The valorization of carbon dioxide (CCU strategy) consists in considering CO2 as a raw material that can be captured and used to synthesize a number of products (fuels, commodity chemicals, industrial chemical building blocks…). This approach should thus reduce the carbon footprint for industrial or energy processes. However, the CO2 molecule is a very stable molecule, difficult to capture, activate and transform. Indeed, separating CO2 from other gases, breaking it down or binding it to any other supports requires a lot of energy!

Capturing CO2 is expensive in terms of energy.

It is more cost-effective to capture it at point sources (large carbon-based energy plants, highly CO2-emitting industries, etc.) than to extract it from the air because its low concentration (around 400 parts per million) makes the process expensive. Different technologies are currently developed, including absorption, adsorption, chemical looping, membrane gas separation or gas hydration. But they all suffer from high energy costs and therefore an unsatisfactory environmental impact.

Lack of available technologies for industrial CO2 transformation.

Currently, the CCU approach is not commercially available, as the technology is simply not available, at scale, anywhere in the world. While the CCS approach is already available on an industrial level, it has been developed in a climate of urgency with short-term solutions. However, CCU represents a longer-term, more sustainable strategy and contributes to the political commitment to develop an industrial sector based on the circular economy.

Lack of shared sociotechnical and economic vision.

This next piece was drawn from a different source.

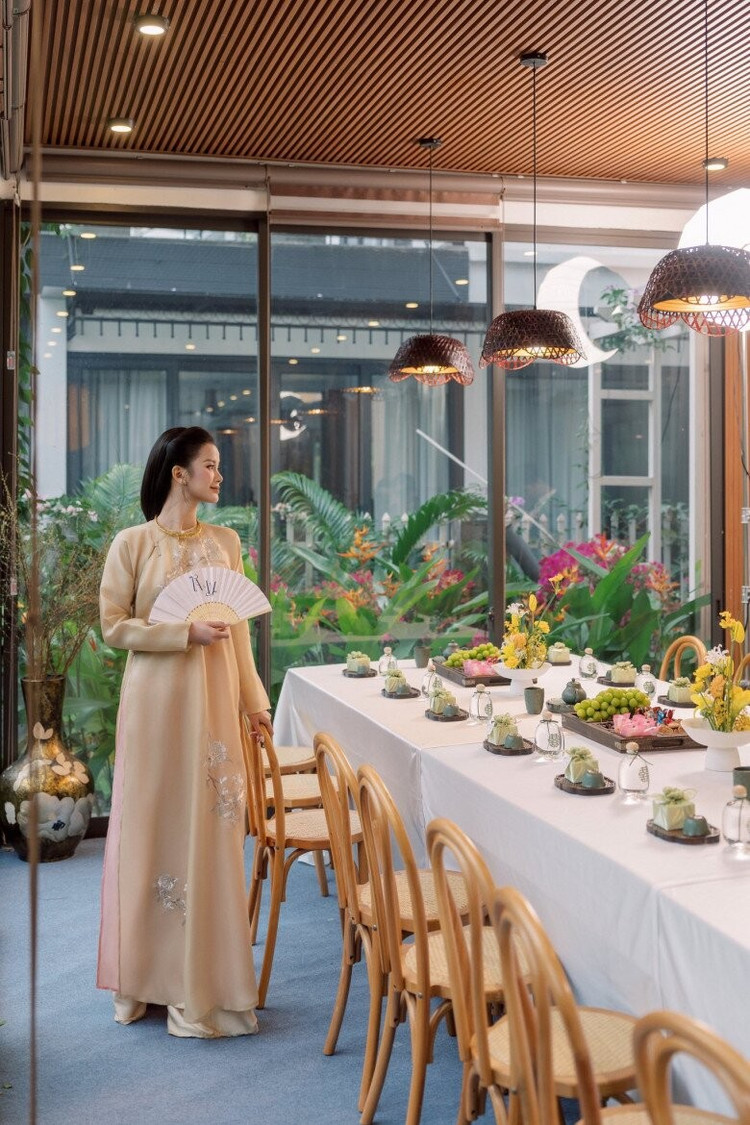 Nhà sử dụng cửa kính lớn giúp đón ánh sáng tự nhiên. Ảnh: FBNV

For the valorization of CO2 to support a circular and climate-neutral economy, it is essential to define guidelines enabling a common understanding of how to assess the environmental impacts of CCU technologies to design an appropriate policy framework, evaluate proposals, avoid utilization of non-relevant indicators, and define risk-sharing measures to develop appropriate funding for technology development along the value chains (at all TRL: technology readiness levels).